:: LISTED ENTRIES ::

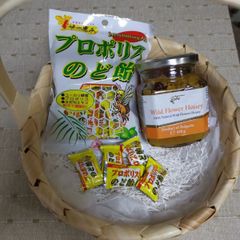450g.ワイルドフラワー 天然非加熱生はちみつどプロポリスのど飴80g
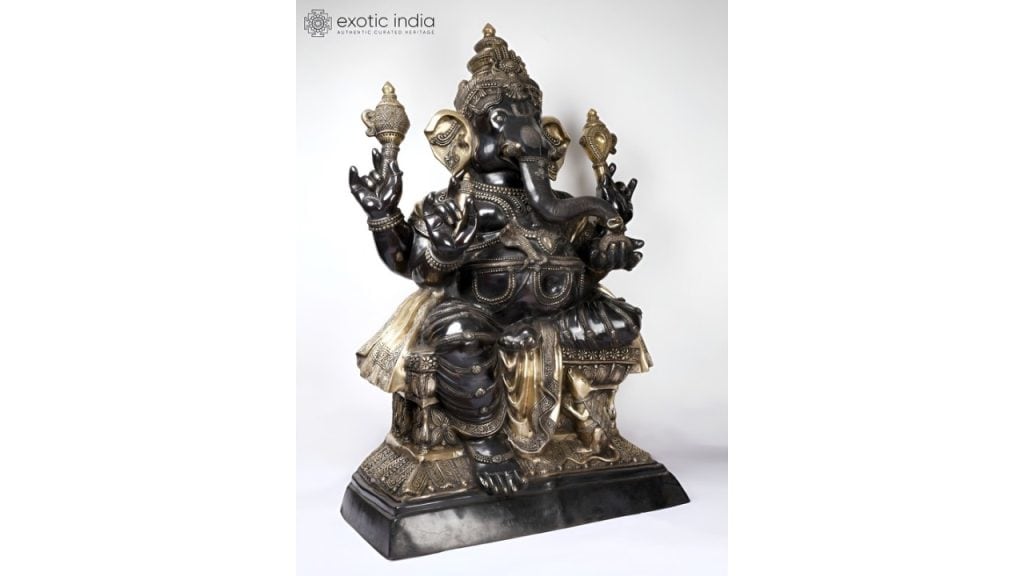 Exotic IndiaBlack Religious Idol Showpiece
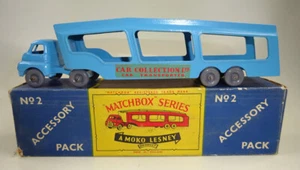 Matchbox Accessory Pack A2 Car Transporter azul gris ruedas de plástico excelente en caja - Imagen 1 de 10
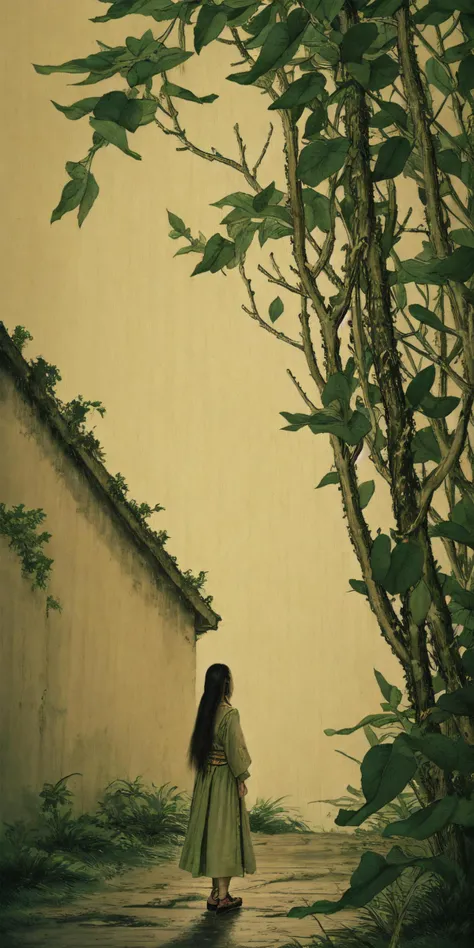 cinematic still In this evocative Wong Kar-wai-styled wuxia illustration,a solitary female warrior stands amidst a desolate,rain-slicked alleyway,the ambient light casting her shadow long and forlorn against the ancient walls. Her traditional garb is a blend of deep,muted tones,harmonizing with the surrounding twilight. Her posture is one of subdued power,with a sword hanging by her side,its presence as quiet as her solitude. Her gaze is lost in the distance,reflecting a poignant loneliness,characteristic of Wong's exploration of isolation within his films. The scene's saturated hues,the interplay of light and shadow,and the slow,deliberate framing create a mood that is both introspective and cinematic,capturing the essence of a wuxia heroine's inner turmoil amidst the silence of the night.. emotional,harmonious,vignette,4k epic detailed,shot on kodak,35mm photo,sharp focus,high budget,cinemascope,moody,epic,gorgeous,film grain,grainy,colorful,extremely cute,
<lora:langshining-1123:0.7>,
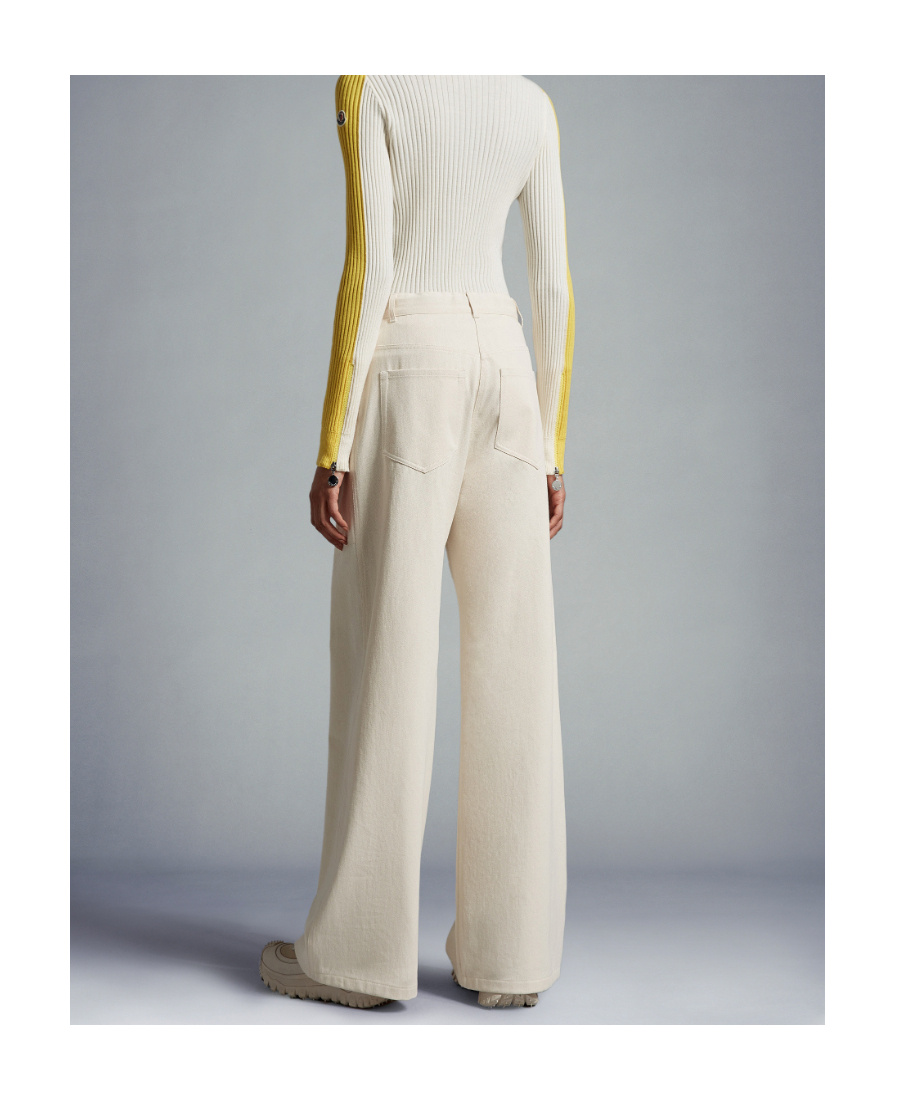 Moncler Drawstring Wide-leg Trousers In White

:::

__ABOUT THIS TASK__
In the records above, find the line containing "Exotic IndiaBlack Religious Idol Showpiece". Reproduce it and every line after it through the last line, omitting pictures.

__ANSWER BELOW__
 Exotic IndiaBlack Religious Idol Showpiece
 Matchbox Accessory Pack A2 Car Transporter azul gris ruedas de plástico excelente en caja - Imagen 1 de 10
 cinematic still In this evocative Wong Kar-wai-styled wuxia illustration,a solitary female warrior stands amidst a desolate,rain-slicked alleyway,the ambient light casting her shadow long and forlorn against the ancient walls. Her traditional garb is a blend of deep,muted tones,harmonizing with the surrounding twilight. Her posture is one of subdued power,with a sword hanging by her side,its presence as quiet as her solitude. Her gaze is lost in the distance,reflecting a poignant loneliness,characteristic of Wong's exploration of isolation within his films. The scene's saturated hues,the interplay of light and shadow,and the slow,deliberate framing create a mood that is both introspective and cinematic,capturing the essence of a wuxia heroine's inner turmoil amidst the silence of the night.. emotional,harmonious,vignette,4k epic detailed,shot on kodak,35mm photo,sharp focus,high budget,cinemascope,moody,epic,gorgeous,film grain,grainy,colorful,extremely cute,
<lora:langshining-1123:0.7>,
 Moncler Drawstring Wide-leg Trousers In White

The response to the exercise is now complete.